Search This Blog

Tuesday 11 June 2013

Couscous salad with fennel, herbs and walnuts

(Serves 5 – 6)

Ingredients
2 teaspoons cumin seeds
I teaspoon coriander seeds
1 teaspoon fennel seeds
300g wholemeal giant couscous, also called Israeli couscous, or moghrabieh
1 onion, diced
2 celery sticks, diced
1 fennel bulb, chopped, tops reserved
2 garlic cloves, crushed and finely chopped
1 bunch of flat-leaf parsley, chopped
a small handful of mint leaves
75g walnuts, lightly toasted (if you can be bothered) and roughly chopped
zest and juice of 1 lemon
extra virgin olive oil
walnut oil (optional)

Put the cumin, coriander and fennel in a dry frying pan and toast for a few minutes, shaking the pan to make sure that they toast evenly. When they are fragrant, tip them into a mortar and grind them into a powder.

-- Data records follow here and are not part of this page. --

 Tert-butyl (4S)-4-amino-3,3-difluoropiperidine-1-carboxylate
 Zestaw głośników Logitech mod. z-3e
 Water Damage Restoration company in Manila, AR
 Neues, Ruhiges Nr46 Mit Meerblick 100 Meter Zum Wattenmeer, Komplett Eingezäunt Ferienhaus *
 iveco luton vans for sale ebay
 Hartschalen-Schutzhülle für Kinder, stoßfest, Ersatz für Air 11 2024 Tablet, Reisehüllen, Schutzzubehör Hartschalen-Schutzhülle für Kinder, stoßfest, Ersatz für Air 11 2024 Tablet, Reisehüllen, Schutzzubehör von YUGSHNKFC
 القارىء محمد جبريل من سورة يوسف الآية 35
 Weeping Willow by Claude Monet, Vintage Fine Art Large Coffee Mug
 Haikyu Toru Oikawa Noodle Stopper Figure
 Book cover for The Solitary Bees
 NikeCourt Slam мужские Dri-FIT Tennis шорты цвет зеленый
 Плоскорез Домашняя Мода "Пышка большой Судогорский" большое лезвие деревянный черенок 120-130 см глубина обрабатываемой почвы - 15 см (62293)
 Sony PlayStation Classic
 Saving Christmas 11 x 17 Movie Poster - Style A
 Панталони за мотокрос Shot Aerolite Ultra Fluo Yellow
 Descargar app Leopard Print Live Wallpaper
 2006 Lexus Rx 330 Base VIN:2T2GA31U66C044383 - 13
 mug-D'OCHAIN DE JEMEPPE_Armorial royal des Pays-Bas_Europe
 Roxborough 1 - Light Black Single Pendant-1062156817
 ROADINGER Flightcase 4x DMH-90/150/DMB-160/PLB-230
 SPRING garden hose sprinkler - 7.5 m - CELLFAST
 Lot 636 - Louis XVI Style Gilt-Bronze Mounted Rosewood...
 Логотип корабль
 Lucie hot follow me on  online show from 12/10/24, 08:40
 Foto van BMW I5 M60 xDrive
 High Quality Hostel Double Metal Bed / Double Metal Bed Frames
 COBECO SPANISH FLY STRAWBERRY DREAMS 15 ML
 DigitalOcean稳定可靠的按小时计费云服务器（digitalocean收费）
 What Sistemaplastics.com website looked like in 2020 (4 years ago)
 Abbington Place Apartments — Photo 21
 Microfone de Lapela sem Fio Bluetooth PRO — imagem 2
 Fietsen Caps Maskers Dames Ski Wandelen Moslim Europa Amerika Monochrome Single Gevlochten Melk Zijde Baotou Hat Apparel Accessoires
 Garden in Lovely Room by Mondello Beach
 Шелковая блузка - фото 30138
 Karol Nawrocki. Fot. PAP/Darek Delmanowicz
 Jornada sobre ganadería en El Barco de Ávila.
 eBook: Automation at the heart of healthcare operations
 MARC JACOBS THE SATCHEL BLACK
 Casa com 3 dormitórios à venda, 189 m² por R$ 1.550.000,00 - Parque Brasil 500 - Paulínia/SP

Fry the vegetables and garlic in some olive oil a large frying pan for about 5-8 minutes. Fry them on a medium heat stirring often, so that they soften a little bit, but still have some crunch. Remove from the heat and add the spices and lemon zest.

Cook the couscous according to packet instructions in boiling, salted water – about 8-9 minutes. When it is done, drain it and mix it with the vegetable and spice mixture.  Allow it all to cool slightly, and then add the chopped herbs, walnuts and lemon juice, and season with salt and pepper. Before serving add a little bit more oil and lemon juice.